Good algorithm designers unwittingly avoid any preference function or deliberately postpone its application into the user space. Such systems become complex. An explosion of preference is their common feature. That is, people use a complex preference profile, which is blown up by multiple obscure entries at the system periphery. A simple centralized preference profile with a few entries could have been used instead. Users are often not capable of setting up intricate profiles; they do not know what is demanded from them. The exploded preference profile is then distributed all over the code base. The engineers often address the complaints in the software modules, which they are tending, and not where it belongs. It adds a maintenance burden but leaves nobody particularly responsible for the discrimination. Contempt in complex systems is a collective responsibility, i.e., assigns responsibility to unaware and unassuming people.
It is similarly hard to correct a failed alignment. It advances into becoming a computationally intangible problem, where the number of unknowns exceeds the number of available equations and/or data for the equation coefficients. The large number of minute errors, which originate far on the periphery of the decision-making tree, does not allow us to distinguish calculation errors from the innate model skew. There is a need to follow the root cause decomposition, a numerous set of less relevant causes. It consumes excessive computational power and requires egregious data. Under the premise that calculation demand is the same for each analysis run, one needs to compute multiple runs to achieve the same result in a distributed environment, where each branch consumes its runs. Each run also requires a case-relevant, specific, clean dataset, as if Newton’s second law required a separate proof for the railway, aeronautics, playing golf, laundry, and many other businesses. The demand for computing and training data reaches a limit as the decision tree expands and the representation of preference becomes complex. This explosion occurs because preferences are outsourced to raw datasets instead of being integrated by a setup. The contradictions present in diverse datasets produce uncertainty and contribute to the intangibility problem.

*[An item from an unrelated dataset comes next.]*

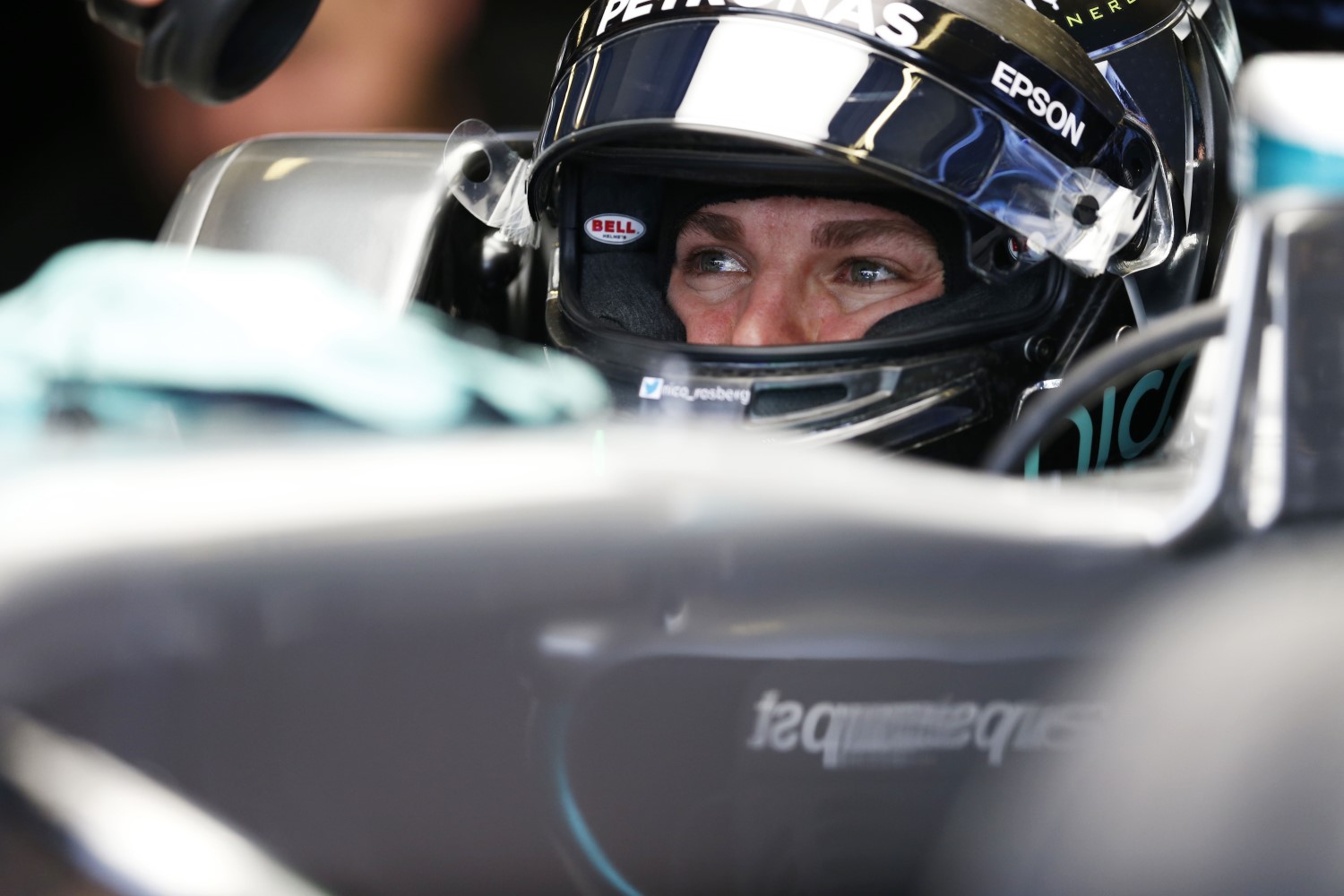 Rosberg must stay focused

An alternative approach would be to absorb the unfair nature of preference functions. Then, they can be implemented in a straightforward, obvious, and attributable manner. We can define a preference function upfront and centralize its management as much as possible. It would significantly reduce the number of unknowns to track. Under the same compute capacity and data availability, the alignment problem resolution would become more tangible, i.e., shifting the limits far away.
For example, the ASI’s formal goal could have been paperclip production. This paranoiac ASI can still be safe. To avoid the world burning, a mandatory component that balances the system should be applied. The balancing component reduces production utility if the resources dwindle. Note that the ASI is now distinctly a system. The system’s integrity must be ensured. The set of system components ought to be operational at all times. There should be a certain person who is responsible for the system. The person should bear the consequences of failure, for example, undergo a licensed activity.
Function formalization can encompass noting the terminal representations. The terminal states are easy to spot and analyze. The most essential equation component will bind them together.
3.2 System architecture
A terminal preference can be represented by a paranoiac goal function. The function draws all available resources to resolve the issue of concern. All other aspects would be neglected and cease to be properly represented. Such an AI will approach uselessness. Its “knowledge” will encompass the preferential subset only. The “knowledge” about the outer world, that is, the world besides the preferential subset, will be subpar. To pump the preferential subset, one needs to dump it into the outer world. In other words, to improve its utility, an AI has to know where and how to dump. The AI has to distribute available representation capacity evenly if the outer world ought to be represented properly. The preference objects and the outer world objects ought to be equally underwritten. A balance between the underwriting efforts is governed by another system component. Consequently, there must be three system components:
1. Governor.
2. Preferred domain model.
3. Environment domain model.
The first two components can be set to pursue any obscure goal, like paperclip production. Given that the agents tend to seek power anyway (Turner and Tadepalli, 2022), humans can play along and legalize the agenda. The preferred domain could model a power-seeking psychopath without reservations. The governor must ensure that the ambitions are supported by an environmental model with equal or greater perplexity. Then, the psychopath will be no more successful than anyone else in the environment. Increasing psychopathic utility means increasing the world’s productivity first.
The environmental model puts a third party in the focus for ASI modeling. The third party is an object in the outer world. Utility maximization for the third party will unlock utility maximization along the main goal function. This way, AI can pursue instrumental goals that are fully aligned, while the entire AI acts more like a friend rather than a slave.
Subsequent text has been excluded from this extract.